YUNANİSTAN FİGÜRANLIKTAN ÖTEYE GEÇEMEZ

Tarihte hep olduğu gibi birileri tarafından şımartılarak üzerimize salınan yunanistan üzerinden ülkemize karşı oynanan oyunun farkındayız. sorun, yunanistan'ın bu oyunun gönüllü figüranlığına soyunması. filmlerde en çok hırpalanan, hatta kolu kanadı kırılan figüranlardır. ama sahnedeismi ve cismi asla gözükmez. yunanistan'ın başına geçmişte gelen budur. bu kafayla üç otuz yevmiyeye çalışan figüranlıktan öteye geçemeyeceklerdir.

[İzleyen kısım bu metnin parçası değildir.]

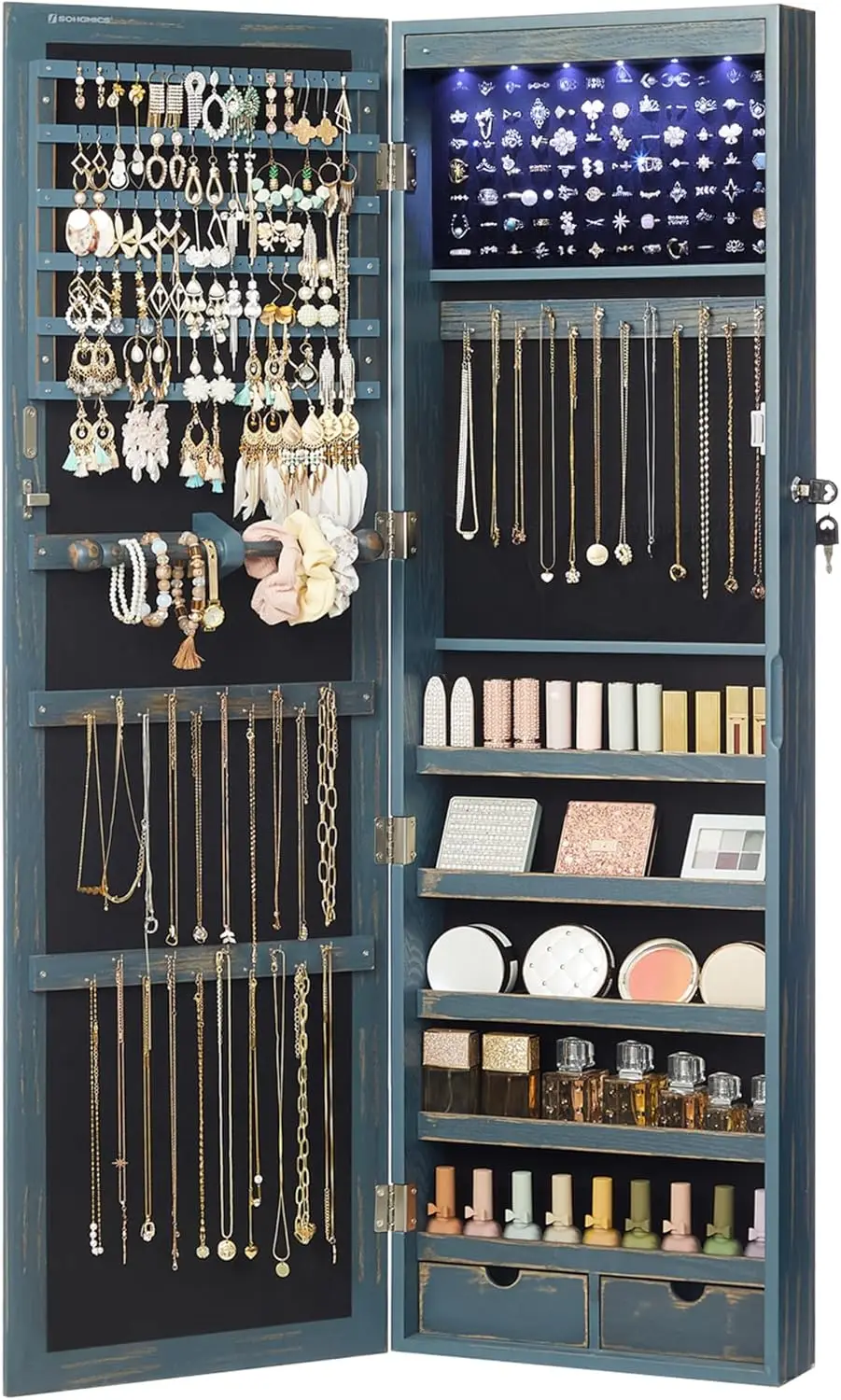 

6 Leds Mirror Jewelry Cabinet, 47.2-Inch Tall Wall or Door Mounted Jewelry Armoire Organizer with Mirror, 2 Drawers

TÜRK HAVA YOLLARI DİYECEĞİZ

Dünyada ülkemizin adını turkey'den türkiye'ye dönüştürme kararımızı başarıyla hayata geçirirken diğer alanlarda da aynı şeyi yapacağız. artık milli hava yolumuz da uluslararası uçuşlarını 'turkish airlines' diye değil 'türk hava yolları' ismi ile yapacaktır. bu kadarı öküz altında buzağı arayanlara herhalde yeter.

CHP'Lİ BELEDİYELERE ELEŞTİRİ:

SEL FELAKETİNDE GÖRDÜK, HEPSİ SEYAHATTE

Erdoğan, sel felaketinde İstanbul, Ankara ve İzmir'in halini gördüklerini kaydederek, "Herhangi bir altyapı çalışmaları var mı, yok. Hiçbir altyapı çalışmaları da olmadığı için bu felaketlerde bakıyorsunuz, birisi Bodrum'da seyahatte, öbürü Eskişehir'de seyahatte, öbürü nerede olduğu belli değil. Böyle garip bir yapı var. Bunlar dertli değil. Hani Neşet Ertaş diyor ya; 'Aşk ile koşan yorulmaz' diye. Bunların millet için, vatan için aşk ile koşmak diye bir dertleri de yok. Nitekim kazara bir sorumluluk altına girdiklerinde ortaya çıkan manzarayı hep beraber gördük." diye konuştu.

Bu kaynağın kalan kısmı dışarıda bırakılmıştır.